Malam kembali menyapa, saat ini Nadira mulai merasa nyaman berada di rumah sederhana yang dipenuhi kehangatan. Gadis ini tertawa dan bercanda bersama Abdul dan Sinta.
Nathan menyaksikan kebahagiaan di atas permukaan wajah cantik Nadira. Namun, hubungan pernikahan mereka masih mengambang. Laki-laki berusia 25 tahun ini mengerti posisi Nadira sekarang, tetapi dia tidak ingin berlarut-larut dalam hubungan tidak jelas.
Saat di dalam kamar, yang seharusnya dihuni olehnya dan Nadila, Nathan menyampaikan secuil isi hatinya pada Nadira, “Aku sudah menerima kamu sebagai istri aku. Apa kamu sudah bisa menerima aku?”

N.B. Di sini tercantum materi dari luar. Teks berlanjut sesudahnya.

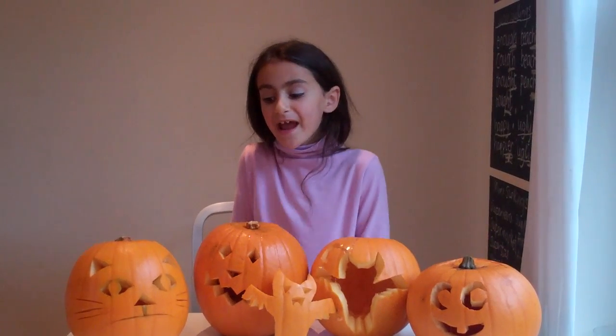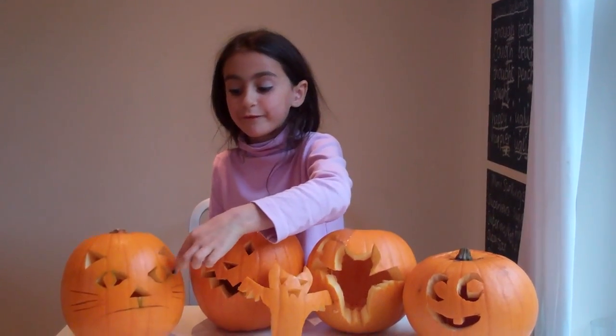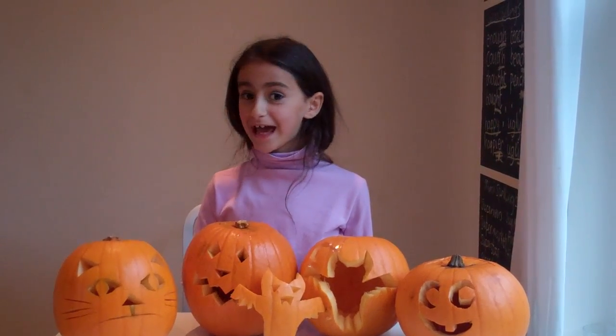Tip number three, it's easier to use a shape with lines for the eyes. Happy Halloween!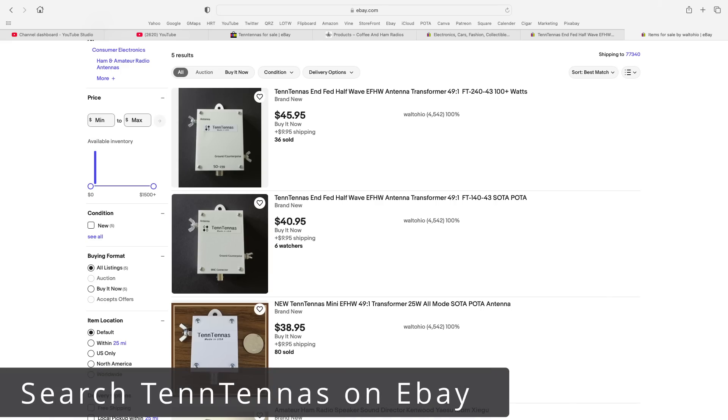Next on my list: 10-Tennas, T-E-N-N Tennas. Walt, NE4TN, out of Tennessee makes these. He's got three different versions. The small one handles up to 25 watts, so it should be perfect for your G90 — about $38. Then there's a 100-watt version for about $40, and a bigger version for about $45. 10-Tennas are what I use at home. I have two of them strung above my house — that's how much I like them. You buy the transformer and just put on your own wire and cut it to length.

Nadira membuang udara cepat. “Aku lelah dan nggak ada waktu bahas hal kaya gini!” Dia membalik halaman buku milik Nadila yang tentu saja sangat berbeda dengan miliknya karena mereka mengambil jurusan berbeda, tetapi pendidikan selalu penting untuknya. Maka bagaimanapun caranya dia dituntut memahami materi.

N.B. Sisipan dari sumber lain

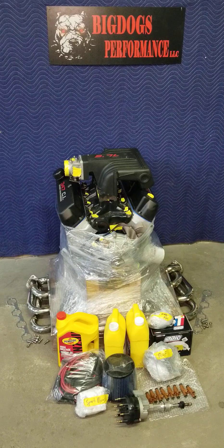The heads are the Brodex STR ported. They flow over 300 CFM on the intake and over 225 on the exhaust. We also have the 1.6 roller rocker arms. We have our Stage 3 max ported Explorer GT40 manifold.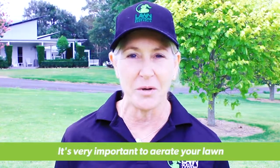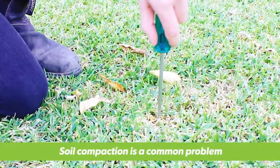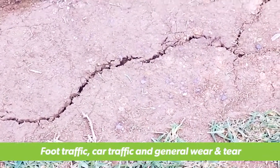Hi, I'm Sue from Lawn Solutions Australia and I'm here to tell you about the importance of aerating your lawn. Soil compaction is a common problem amongst many Aussie lawns due to heavy foot traffic, car traffic, or just general wear and tear, especially around the backyard cricket pitch.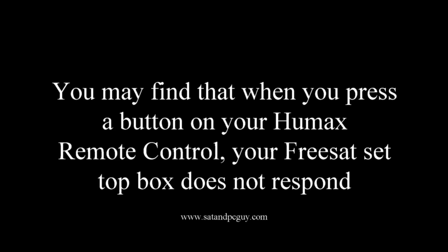Sometimes you might find that when you press a button on your Humax remote control your set-top box does not respond. There is a potential simple solution to solve this problem.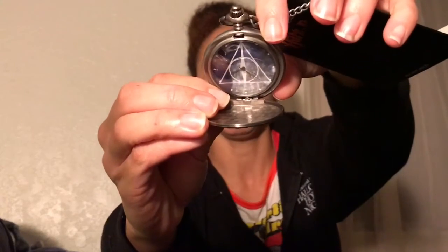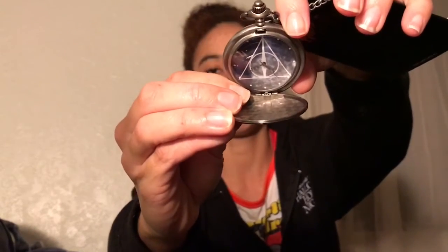The next thing we have here looks like a stopwatch. It has the Deathly Hallows symbol on there. It's a Loot Crate exclusive. It's actually chiming — can you hear it? That's the most I can open it, so I hope that helps you see inside of it. The chain is just inside here. Made in China, age 14 plus, and it is also from Bioworld.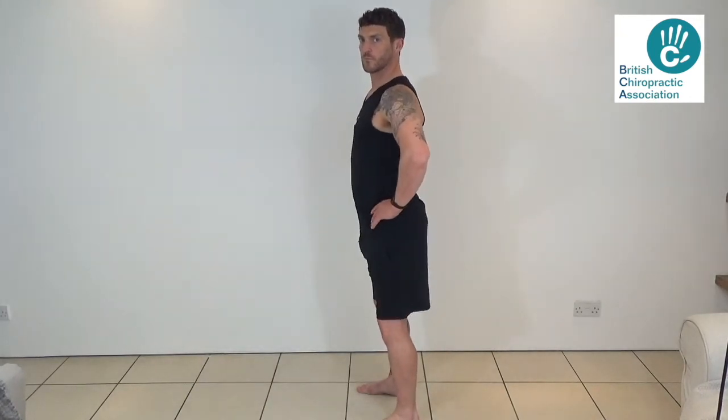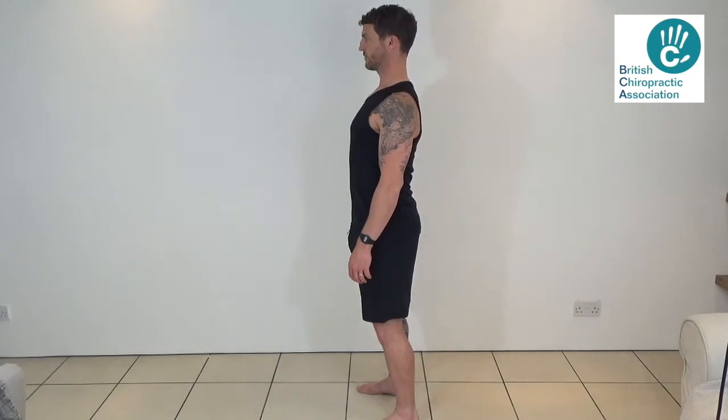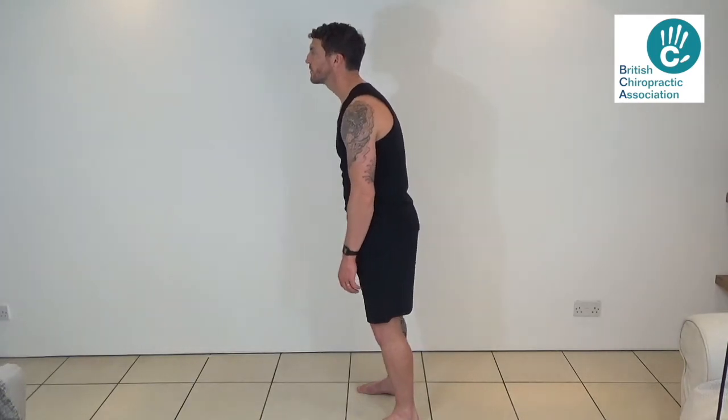You should feel like your thighs and buttocks are slightly engaged in a little brace. This will also help to ease the pressure from your back and hips. Stand tall with your shoulders back slightly and your head in a poised position. If you have forward shoulder posture, it will also take its toll on your back and knees as your center of gravity shifts forward.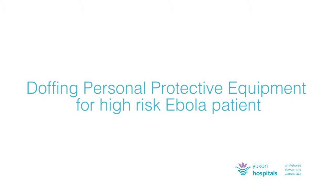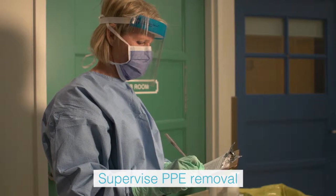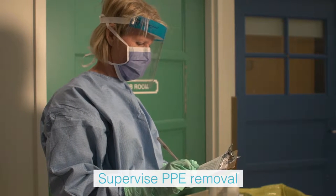This video demonstrates the proper procedure for doffing personal protective equipment for a high risk Ebola patient, used for both the trained observer and the health care provider. The trained observer is available to supervise the doffing procedure and is wearing appropriate PPE.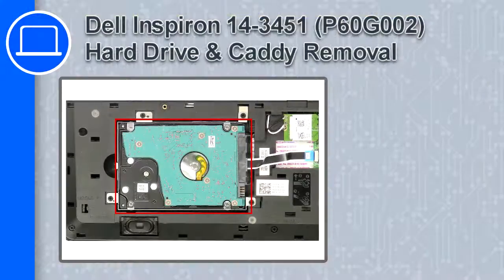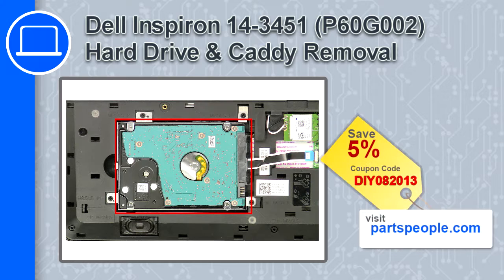What's up, this is Ricardo and in this video I'll show you how to remove the hard drive and caddy from a Dell Inspiron 14 version 3451. If you're looking for parts for this laptop, go to our website and use this coupon for a 5% off discount.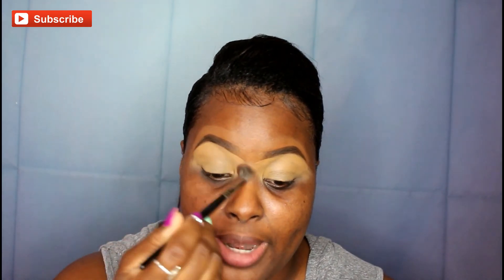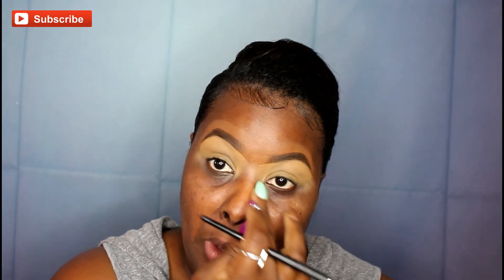I'm going to lightly dust the setting powder over the entire eye area where I applied the concealer. This helps to blend out the shadows and also to prevent creasing. Now let's go into this Jaclyn Hill palette and see what we can conjure up for today's look.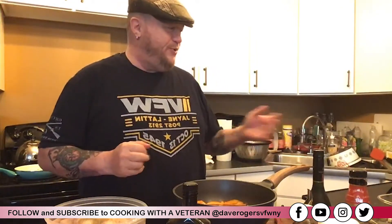Hi, welcome back to another episode of Cooking with a Veteran. I'm your host Dave Rogers — sorry I'm late today. I'm also on Zoom with my friends Jack and Tara; they're watching me and hoping I make a mistake. I see Tara praying that I mess up — shame on Tara!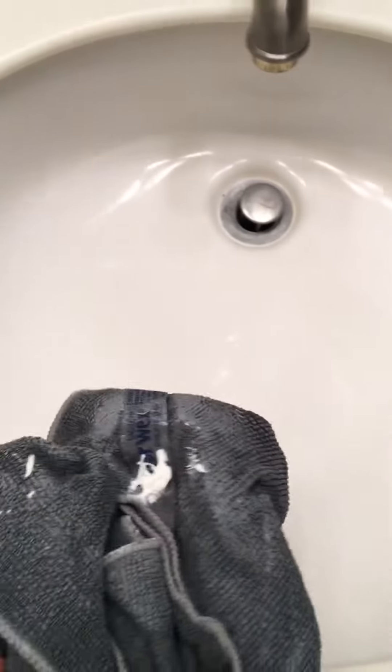you always have toothpaste. I've already wiped it all off the counter, but I'm going to show you what it's like. I'm going to wash off his sink. I'm going to wipe all these gobs here. So now I have toothpaste all in the cloth.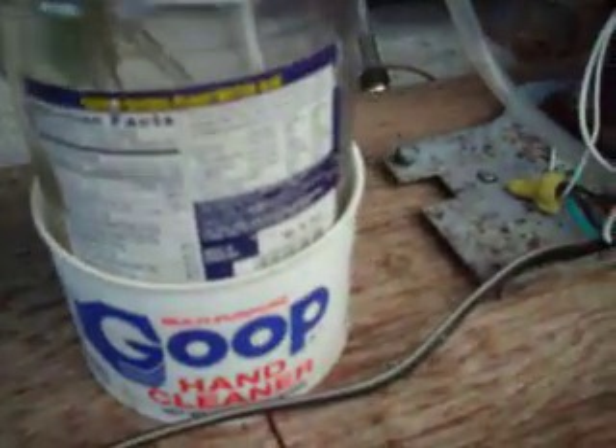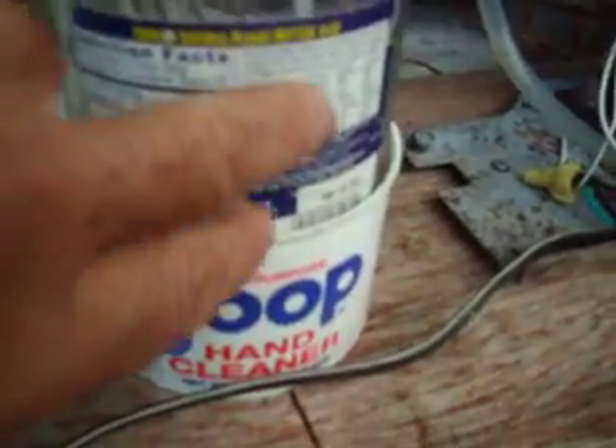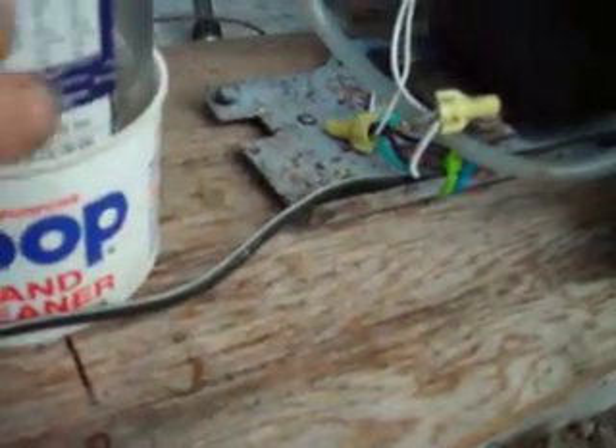The only problem is, this gets super cold and it starts to build ice in there after a while. It's already getting really cold.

Nathan menundukan wajahnya sesaat karena kembali mendapatkan jawaban tidak terduga, lalu membiarkan Nadira menyendiri.
Pada pagi harinya, Nadira memulai hari pertamanya di kampus tempat Nadila belajar. Ini bukan universitas favorit dan bukan universitas mewah seperti tempatnya mengenyam ilmu di luar negeri. Maka, Nadira sedikit kaku dan kesulitan karena fasilitas yang tersedia kurang lengkap.
Nadira menggerutu, “Perpustakaan ini sangat jelek. Kalo kaya gini aku jadi harus cari tambahan informasi buat tugas dan buat belajar!”
Nathan berdeham di belakang Nadira, lalu berbisik, “Jangan bilang perpustakaan kami jelek. Buku-buku di sini sangat banyak, kamu bisa mencari apapun, asalkan teliti!”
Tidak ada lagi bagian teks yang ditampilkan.